— What to do —
For each record that follows, give it back exactly, with no pictures included.

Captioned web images
* * * *
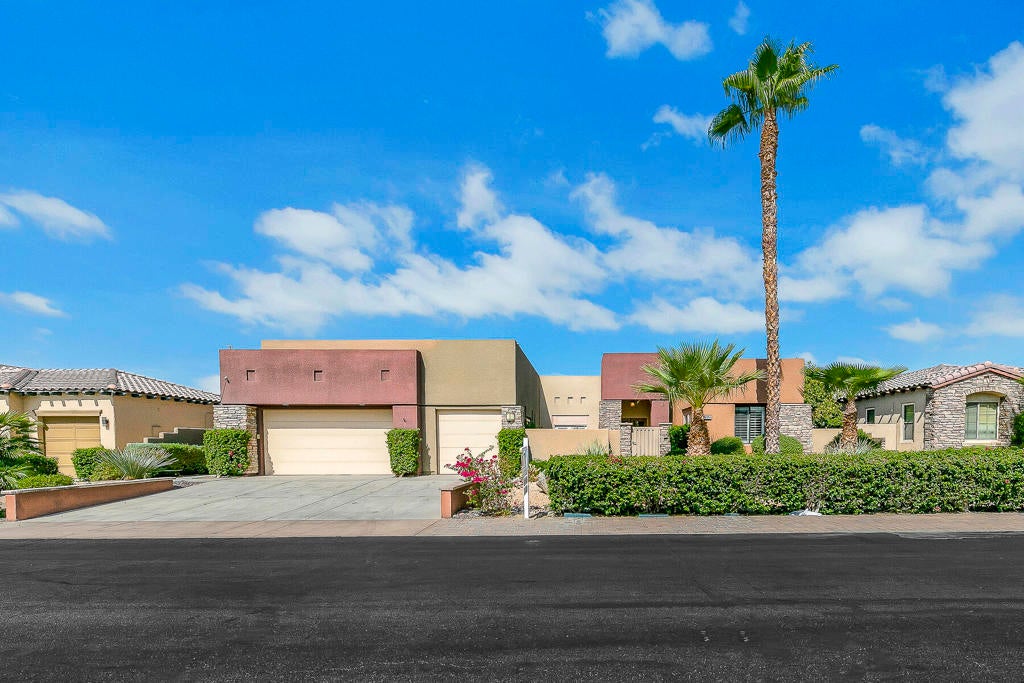 48749 Renewal Street, Indio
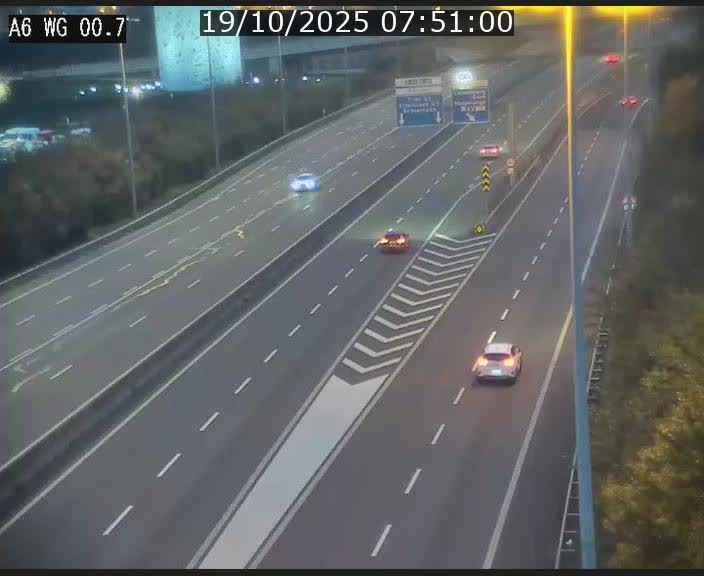 <h2>Traffic live webcam Luxembourg Croix de Cessange - A6 - BK 0.7 - direction A3 France</h2>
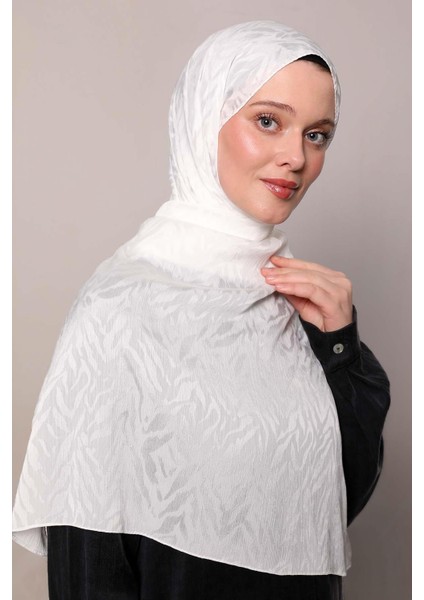 Beyaz Kristal Desen Jakar Capri Şal fiyatları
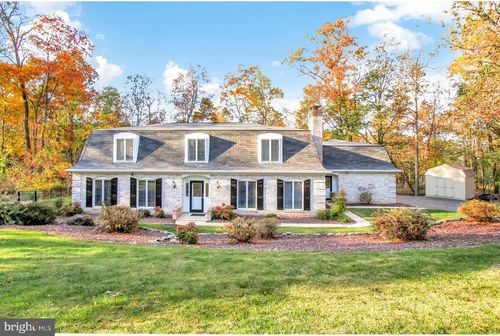 6208 Longview Dr, SPRING GROVE, PA, 17362-8886 | Card Image
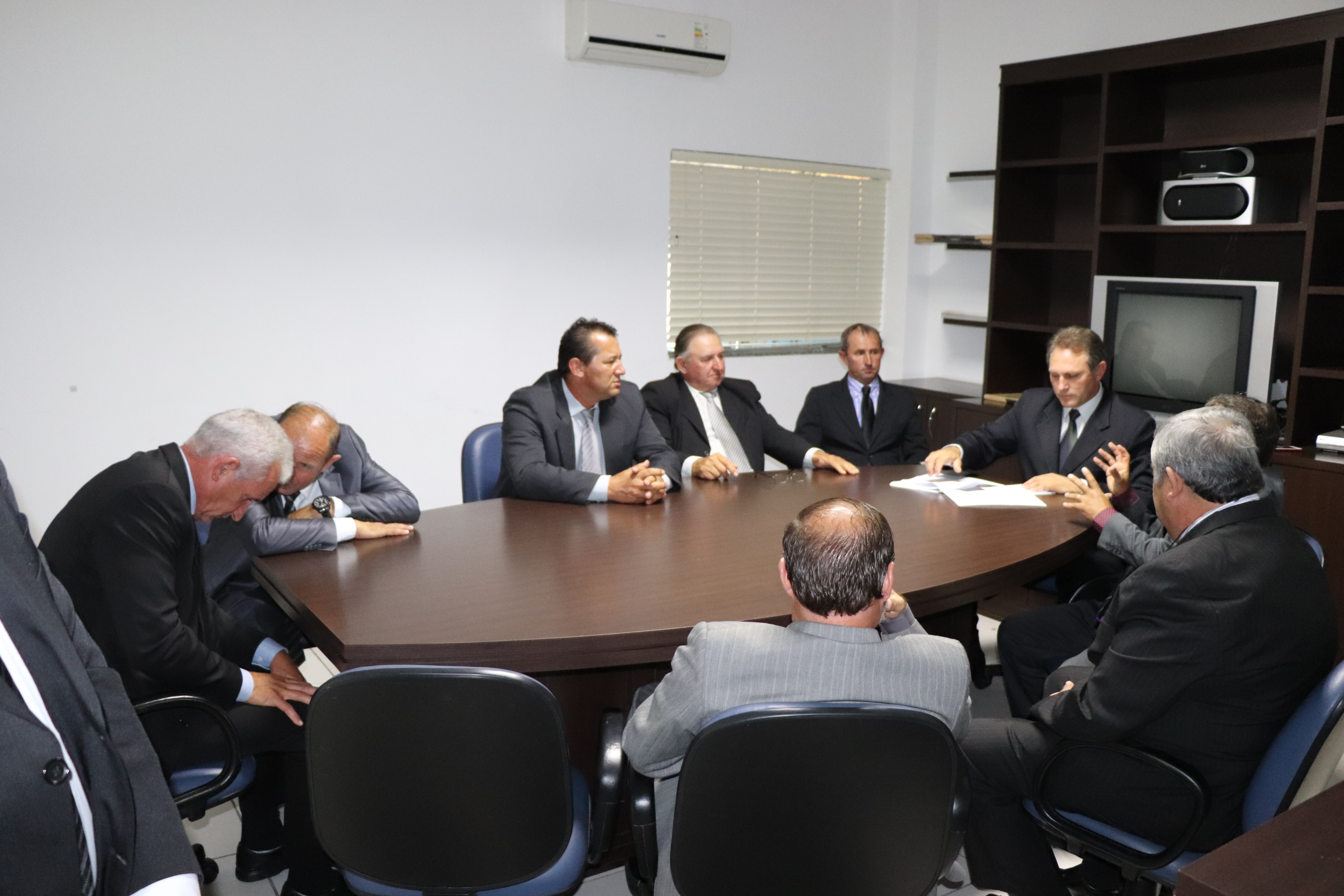 Legislativo empossa membros das Comissões Permanentes para o ano de 2018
* * * *
— Result of the task —
 48749 Renewal Street, Indio
 <h2>Traffic live webcam Luxembourg Croix de Cessange - A6 - BK 0.7 - direction A3 France</h2>
 Beyaz Kristal Desen Jakar Capri Şal fiyatları
 6208 Longview Dr, SPRING GROVE, PA, 17362-8886 | Card Image
 Legislativo empossa membros das Comissões Permanentes para o ano de 2018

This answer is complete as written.